GASTONIA, NC (WBTV) - First responders are trained to save our lives, but after hundreds of firefighters committed suicide in just one year, they’re now working to save their own.
An emotional support group has been formed in Gaston County.
A recent study by the Ruderman Family Foundation noted that nearly 260 firefighters took their own lives in 2017. That statistic alone did not sit well with firefighters across the county, so they decided to do something about it for all first responders.
Being a firefighter, police officer, deputy or paramedic is sometimes a job that many feel called to do. It’s a job that requires a lot and can take a toll on you, not just when first responders are at the scene of a fire or a car wreck, but also when they clock out and go home.
Brad Hall, the Gaston County Firefighters Association Chaplain, asked, “What happens when you can’t sleep at night? What happens when that call is over with months ago and you’re still trying to process?”
Death and destruction are normal to the men and women who risk their lives while on the job. Studies show those disturbing scenes sometimes causes depression or other mental illnesses, even if those in uniform won’t admit to it.
“If you ask anybody that’s in a responder position, ‘How are you doing?’ ‘Oh I’m fine,’ Well chances are, they’re probably not,” said Hall.

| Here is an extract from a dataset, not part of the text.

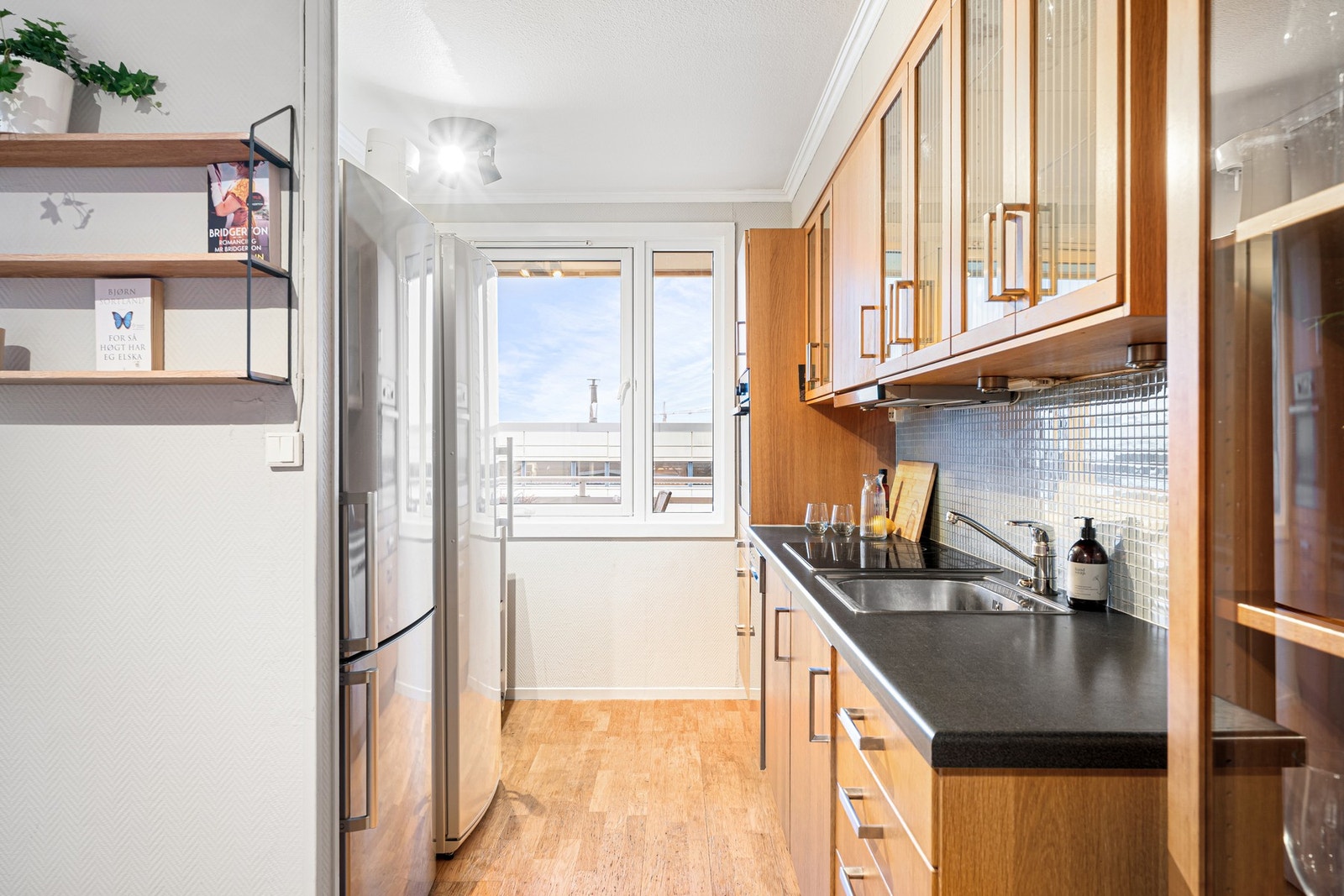 Det er integrert platetopp og stekeovn. Galleribilde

The departments across the county that are connected to 911 can now come together for emotional support. The truth is, you can’t fully take care of someone else, until you take care of yourself.
“We want to be able to reach each other because we’re in the trenches together. We know what we face. We know how we feel when we’re done with that bad call,” Hall continued.
This space is made so first responders don’t suffer in silence. Because where there’s help, there’s hope.
The group will meet at 6:30 p.m. on Monday, March 11 at Gaston College and on the second Monday of every month after that.